┌────────

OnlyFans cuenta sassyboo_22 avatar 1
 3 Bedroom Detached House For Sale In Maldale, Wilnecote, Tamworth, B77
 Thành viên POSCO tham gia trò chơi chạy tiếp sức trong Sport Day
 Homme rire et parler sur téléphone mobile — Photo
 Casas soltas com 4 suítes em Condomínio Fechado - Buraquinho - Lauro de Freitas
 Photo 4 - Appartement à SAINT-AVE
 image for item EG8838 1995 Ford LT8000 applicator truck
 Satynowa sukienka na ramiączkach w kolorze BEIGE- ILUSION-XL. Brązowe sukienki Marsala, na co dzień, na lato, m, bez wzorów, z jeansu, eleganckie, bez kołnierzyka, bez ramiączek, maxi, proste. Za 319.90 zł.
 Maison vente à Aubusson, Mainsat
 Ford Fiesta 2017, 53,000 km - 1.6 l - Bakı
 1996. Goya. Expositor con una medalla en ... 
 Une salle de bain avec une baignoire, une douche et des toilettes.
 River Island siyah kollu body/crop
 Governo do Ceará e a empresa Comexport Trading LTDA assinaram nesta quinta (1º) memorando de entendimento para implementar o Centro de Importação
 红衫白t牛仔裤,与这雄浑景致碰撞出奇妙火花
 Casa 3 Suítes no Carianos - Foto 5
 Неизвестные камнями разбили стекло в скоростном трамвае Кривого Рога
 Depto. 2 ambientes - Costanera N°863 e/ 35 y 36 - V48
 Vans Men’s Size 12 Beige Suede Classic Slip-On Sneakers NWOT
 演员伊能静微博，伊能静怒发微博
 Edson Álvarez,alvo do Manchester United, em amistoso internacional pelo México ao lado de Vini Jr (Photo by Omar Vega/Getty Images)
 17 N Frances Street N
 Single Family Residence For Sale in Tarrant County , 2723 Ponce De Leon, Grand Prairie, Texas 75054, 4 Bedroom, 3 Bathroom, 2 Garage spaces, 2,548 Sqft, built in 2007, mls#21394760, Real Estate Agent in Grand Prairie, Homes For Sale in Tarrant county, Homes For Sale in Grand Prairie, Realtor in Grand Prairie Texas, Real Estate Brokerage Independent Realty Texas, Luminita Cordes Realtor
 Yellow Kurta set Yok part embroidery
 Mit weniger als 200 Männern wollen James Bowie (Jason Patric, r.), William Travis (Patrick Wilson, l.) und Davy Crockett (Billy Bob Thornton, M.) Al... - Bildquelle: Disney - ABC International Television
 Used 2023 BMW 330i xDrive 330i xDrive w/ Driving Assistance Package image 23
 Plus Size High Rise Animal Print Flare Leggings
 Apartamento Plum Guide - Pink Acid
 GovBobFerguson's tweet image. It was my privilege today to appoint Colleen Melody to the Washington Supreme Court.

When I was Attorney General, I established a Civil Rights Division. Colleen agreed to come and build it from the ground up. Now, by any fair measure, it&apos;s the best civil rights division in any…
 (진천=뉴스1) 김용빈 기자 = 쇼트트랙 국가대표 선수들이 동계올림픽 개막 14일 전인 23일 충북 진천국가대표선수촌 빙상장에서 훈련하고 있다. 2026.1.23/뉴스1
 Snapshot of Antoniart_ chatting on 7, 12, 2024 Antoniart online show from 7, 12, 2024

└────────

PROBLEM:
All that is needed is the exact run of lines above from the line containing "Mit weniger als" through the line containing "Apartamento Plum Guide - Pink Acid", both of them included.

EXERCISE OUTPUT:
 Mit weniger als 200 Männern wollen James Bowie (Jason Patric, r.), William Travis (Patrick Wilson, l.) und Davy Crockett (Billy Bob Thornton, M.) Al... - Bildquelle: Disney - ABC International Television
 Used 2023 BMW 330i xDrive 330i xDrive w/ Driving Assistance Package image 23
 Plus Size High Rise Animal Print Flare Leggings
 Apartamento Plum Guide - Pink Acid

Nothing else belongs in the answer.